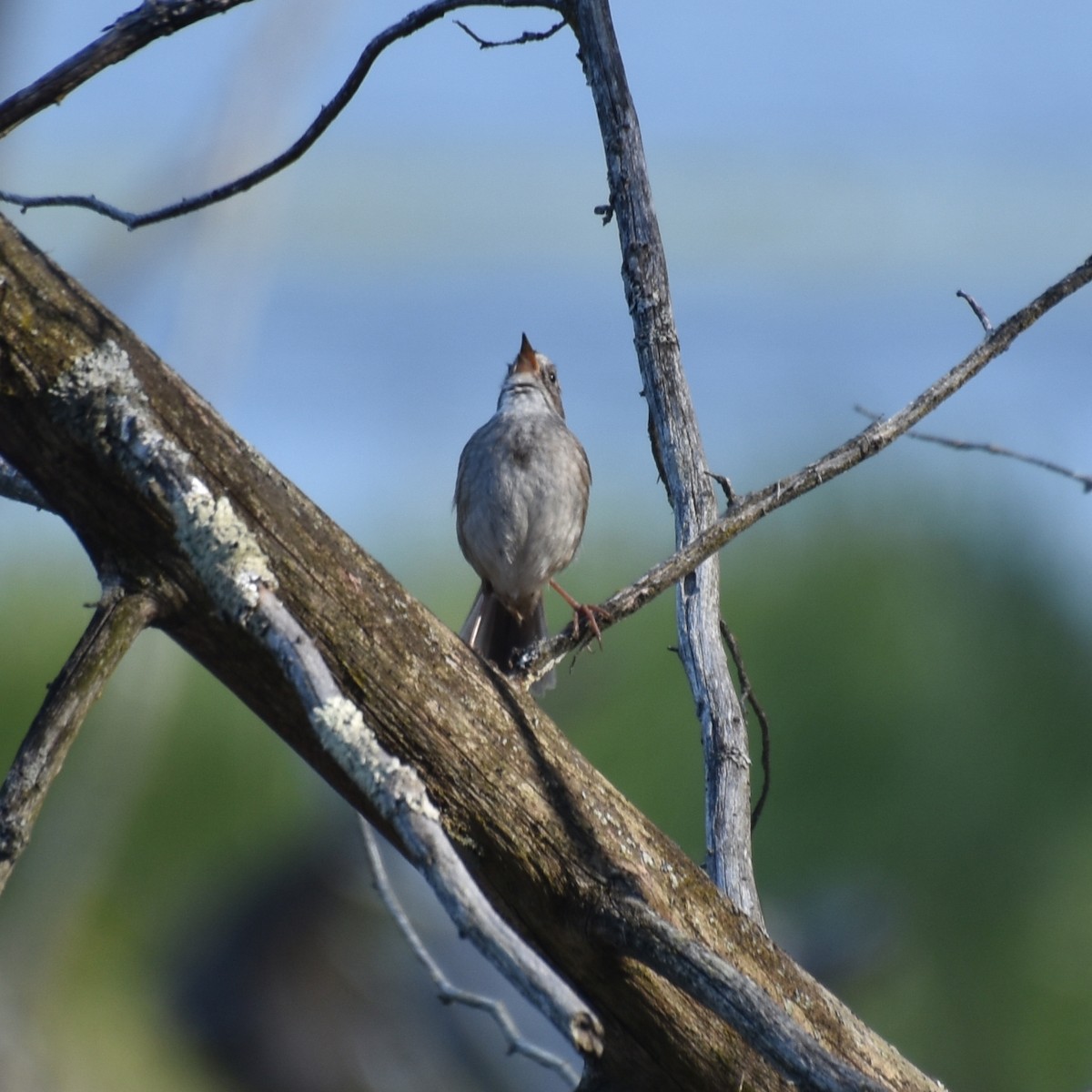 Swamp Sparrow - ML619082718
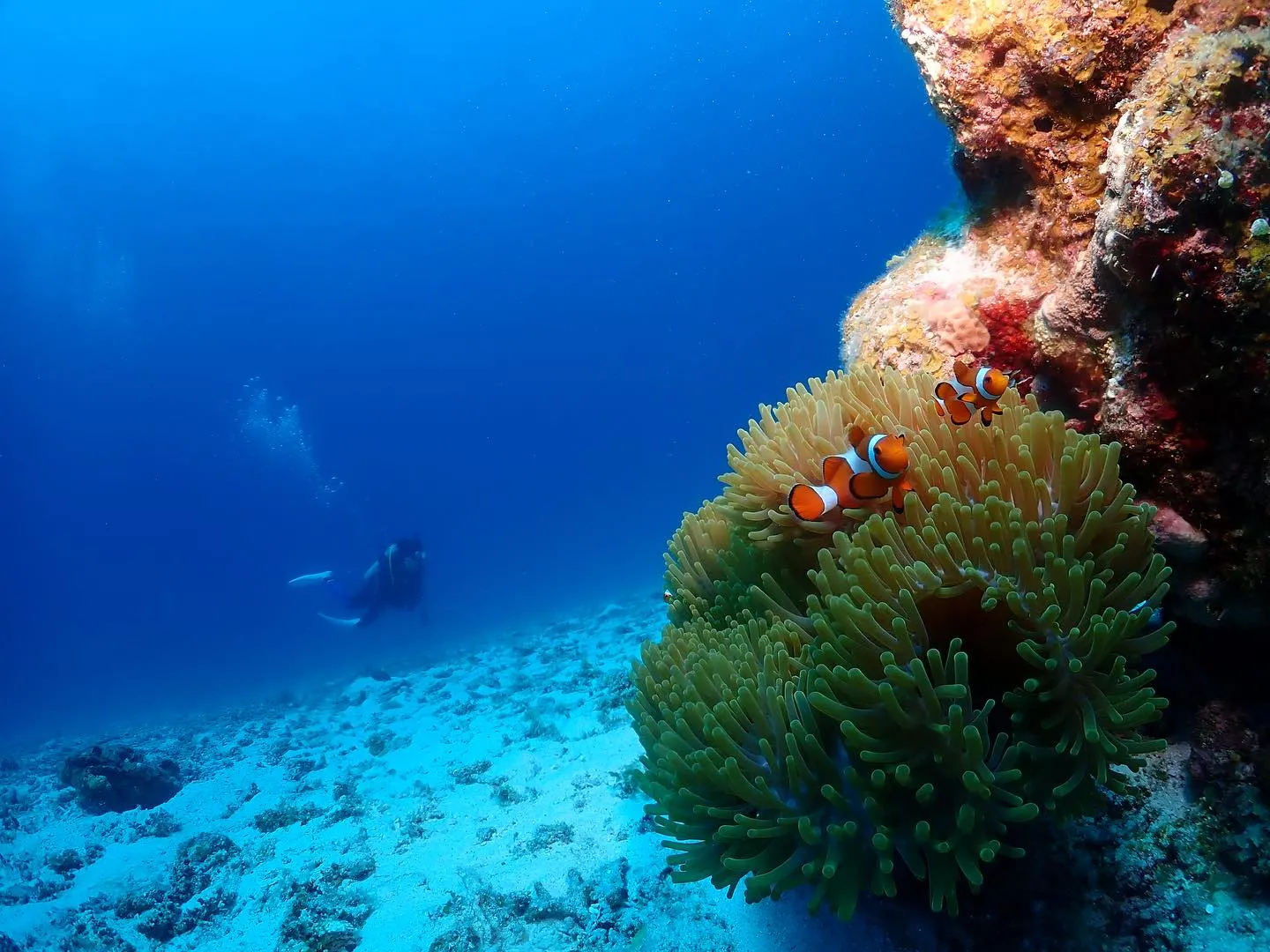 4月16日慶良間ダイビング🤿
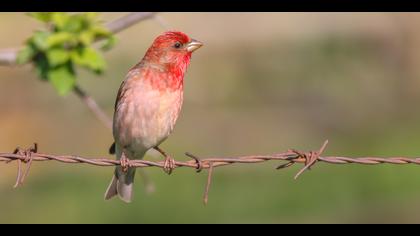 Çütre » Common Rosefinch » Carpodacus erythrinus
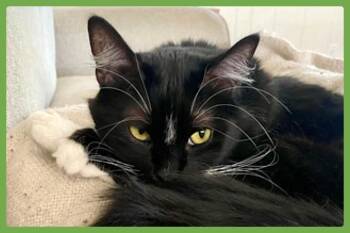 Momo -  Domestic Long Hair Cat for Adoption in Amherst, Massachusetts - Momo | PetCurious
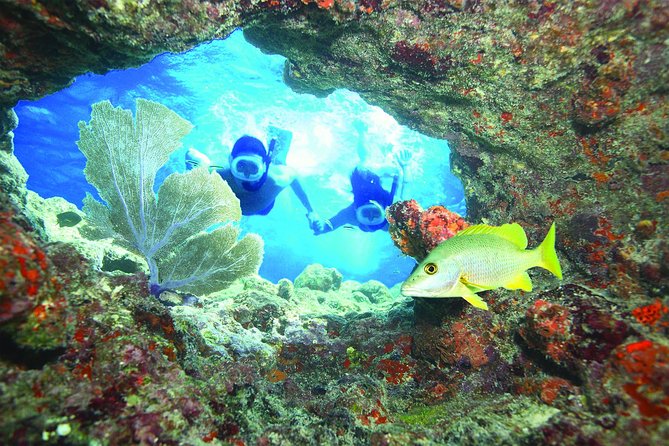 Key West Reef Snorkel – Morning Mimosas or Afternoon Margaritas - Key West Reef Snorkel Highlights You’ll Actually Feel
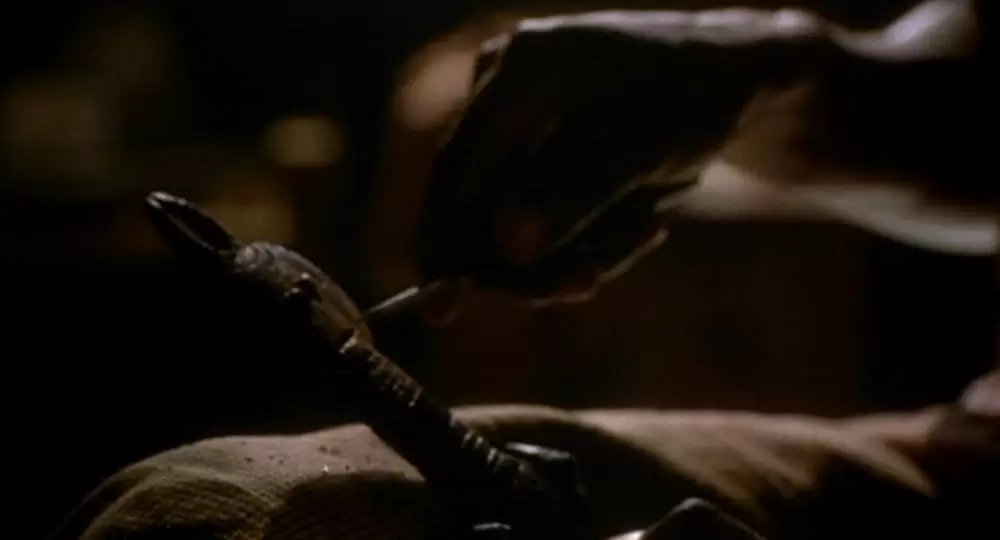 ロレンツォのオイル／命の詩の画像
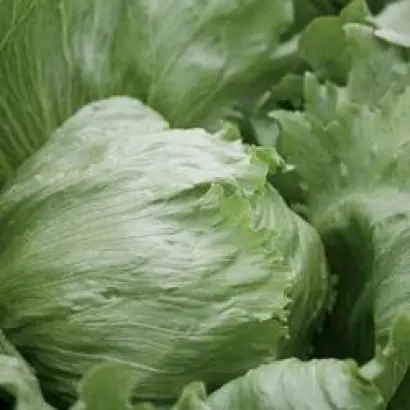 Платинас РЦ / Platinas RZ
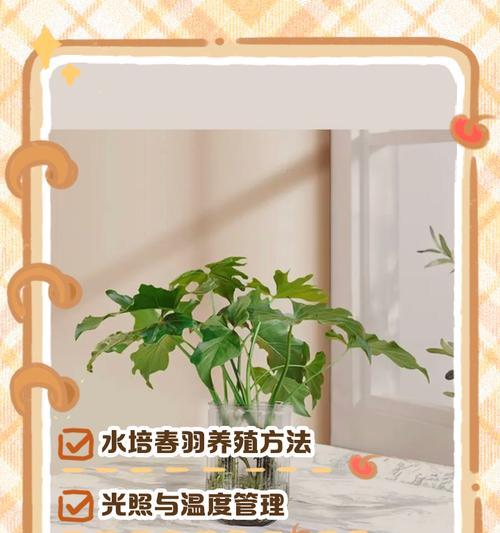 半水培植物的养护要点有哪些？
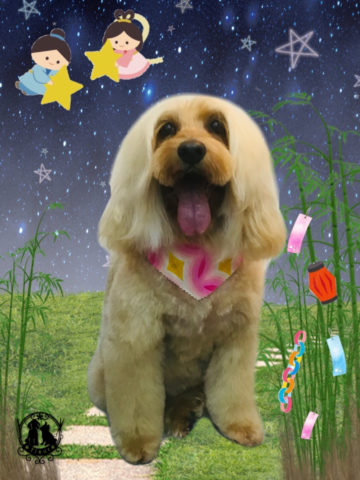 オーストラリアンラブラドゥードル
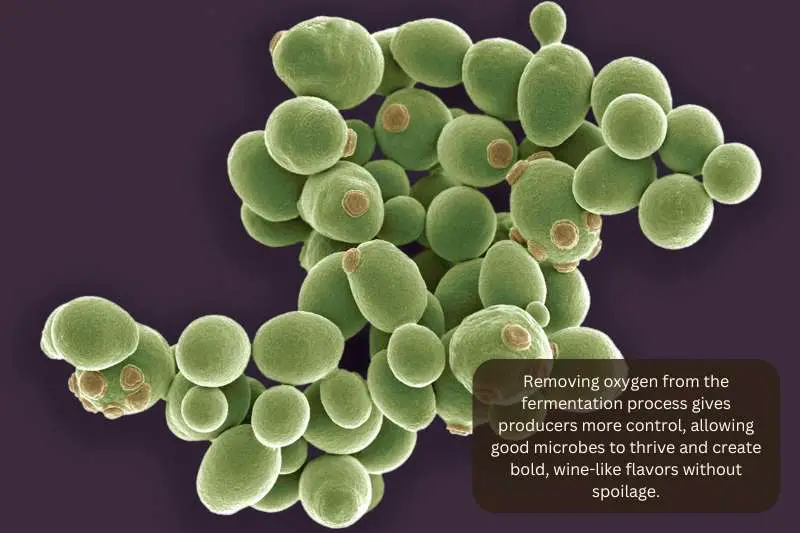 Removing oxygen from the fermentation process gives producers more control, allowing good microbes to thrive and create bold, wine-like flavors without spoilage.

§ **Aim of the task**: Please give the records above again exactly as they stand, with no pictures.

§ **Written answer**:
 Swamp Sparrow - ML619082718
 4月16日慶良間ダイビング🤿
 Çütre » Common Rosefinch » Carpodacus erythrinus
 Momo -  Domestic Long Hair Cat for Adoption in Amherst, Massachusetts - Momo | PetCurious
 Key West Reef Snorkel – Morning Mimosas or Afternoon Margaritas - Key West Reef Snorkel Highlights You’ll Actually Feel
 ロレンツォのオイル／命の詩の画像
 Платинас РЦ / Platinas RZ
 半水培植物的养护要点有哪些？
 オーストラリアンラブラドゥードル
 Removing oxygen from the fermentation process gives producers more control, allowing good microbes to thrive and create bold, wine-like flavors without spoilage.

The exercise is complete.